TASK TO COMPLETE | Would you copy the records below, exactly and only from their first line through the line containing "Testudinidae – Tortoise graphite drawing", without any pictures?

(Short text fragments from websites)
'''

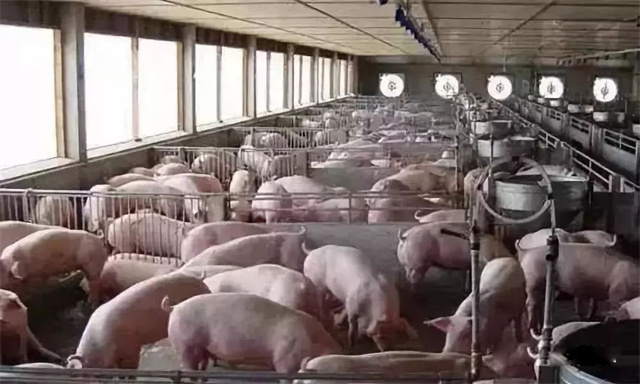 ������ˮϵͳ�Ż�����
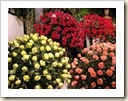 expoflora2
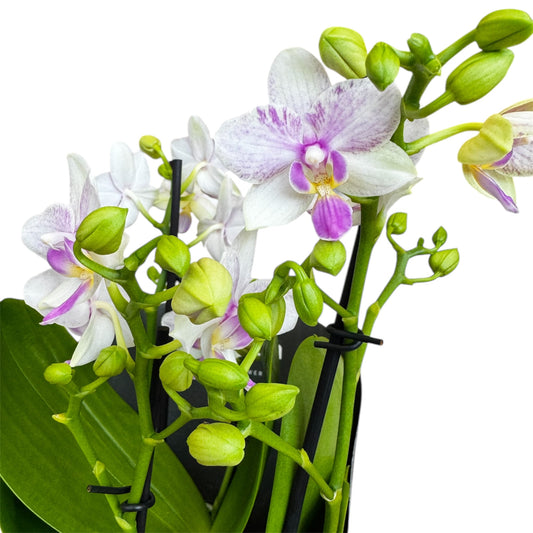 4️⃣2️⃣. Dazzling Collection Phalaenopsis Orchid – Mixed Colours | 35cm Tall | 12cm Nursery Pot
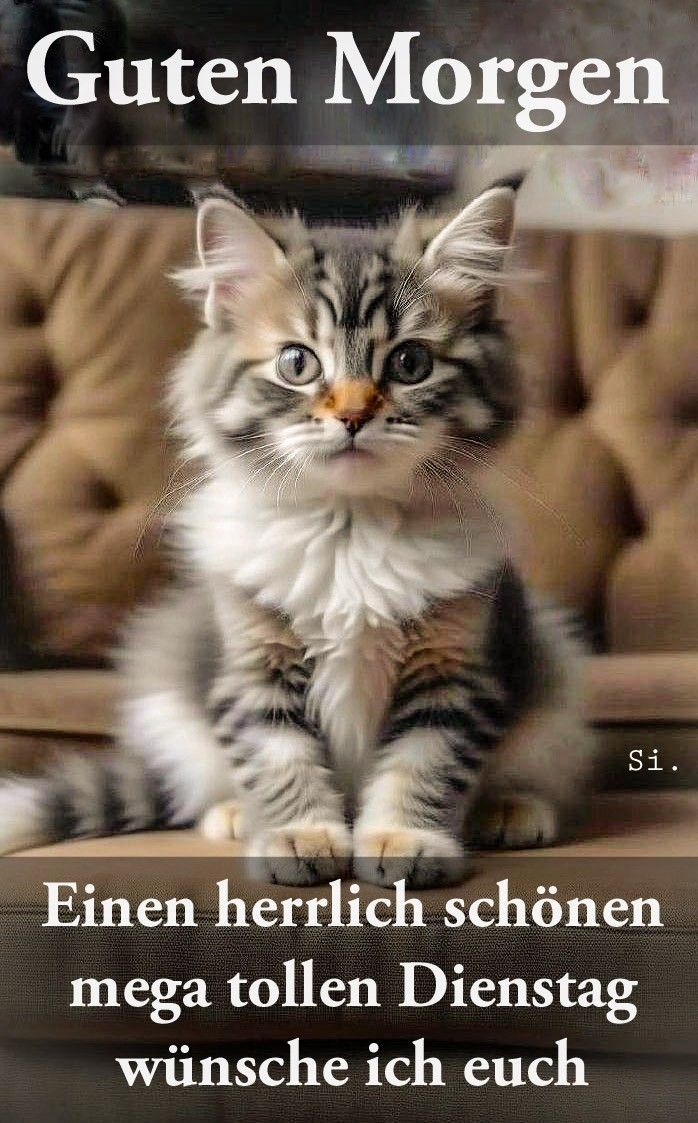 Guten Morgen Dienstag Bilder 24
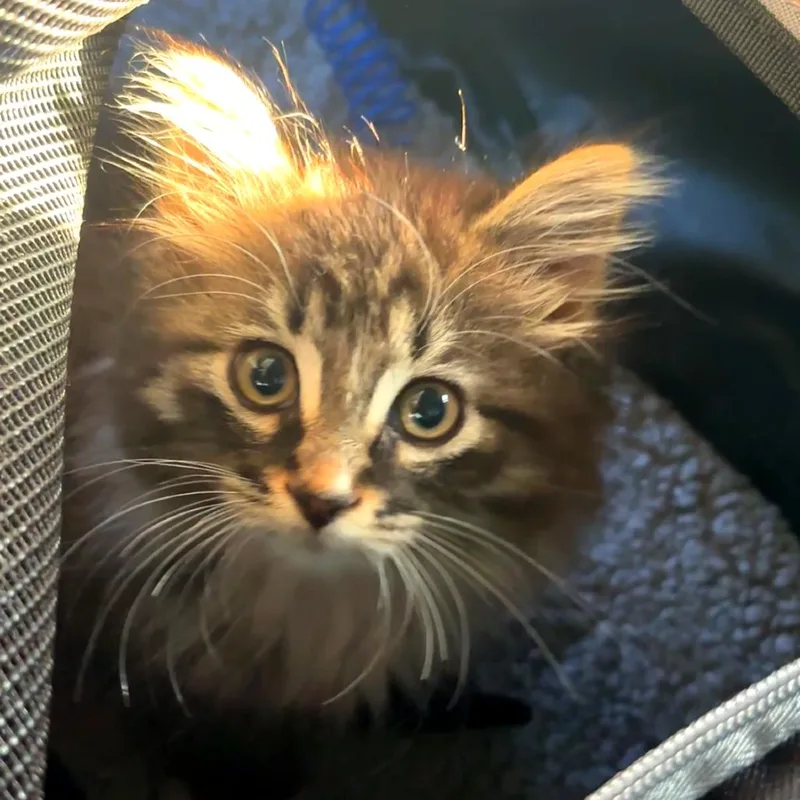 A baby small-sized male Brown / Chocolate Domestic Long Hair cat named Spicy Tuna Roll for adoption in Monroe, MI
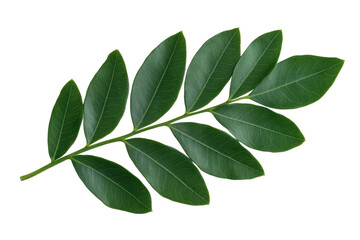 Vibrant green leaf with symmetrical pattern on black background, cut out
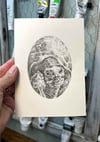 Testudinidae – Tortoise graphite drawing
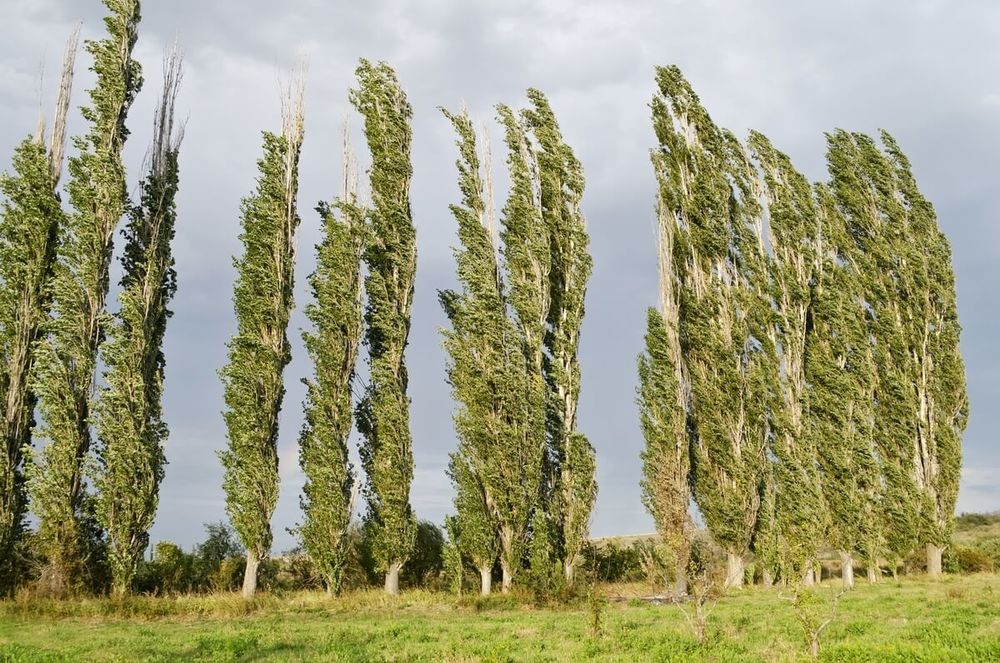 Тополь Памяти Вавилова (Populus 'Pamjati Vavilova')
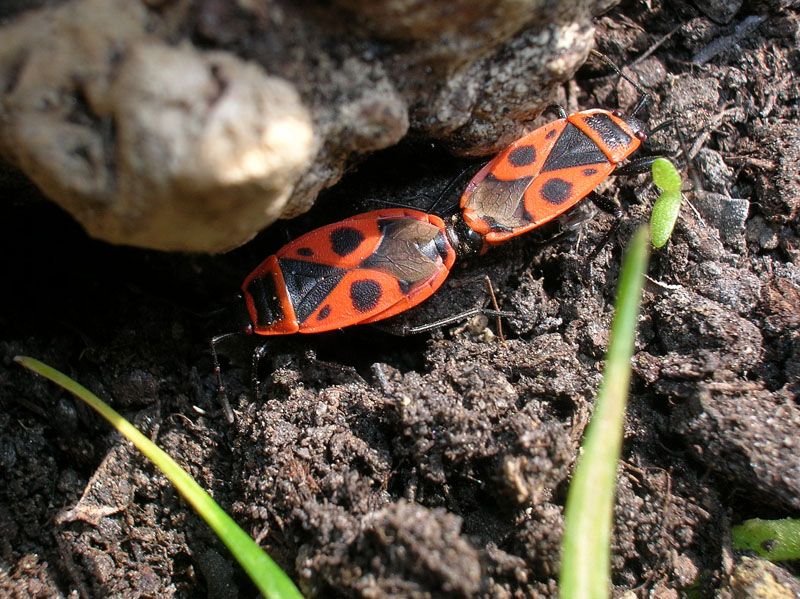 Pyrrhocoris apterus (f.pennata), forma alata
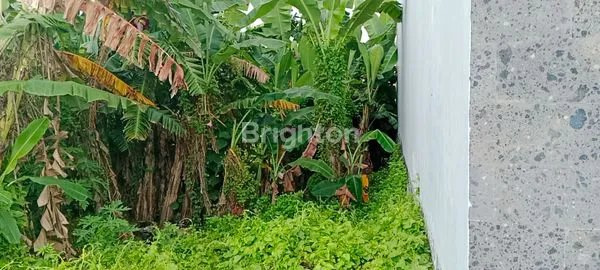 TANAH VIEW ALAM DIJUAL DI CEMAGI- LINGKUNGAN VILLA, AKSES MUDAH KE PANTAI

'''

FINISHED EXERCISE |
 ������ˮϵͳ�Ż�����
 expoflora2
 4️⃣2️⃣. Dazzling Collection Phalaenopsis Orchid – Mixed Colours | 35cm Tall | 12cm Nursery Pot
 Guten Morgen Dienstag Bilder 24
 A baby small-sized male Brown / Chocolate Domestic Long Hair cat named Spicy Tuna Roll for adoption in Monroe, MI
 Vibrant green leaf with symmetrical pattern on black background, cut out
 Testudinidae – Tortoise graphite drawing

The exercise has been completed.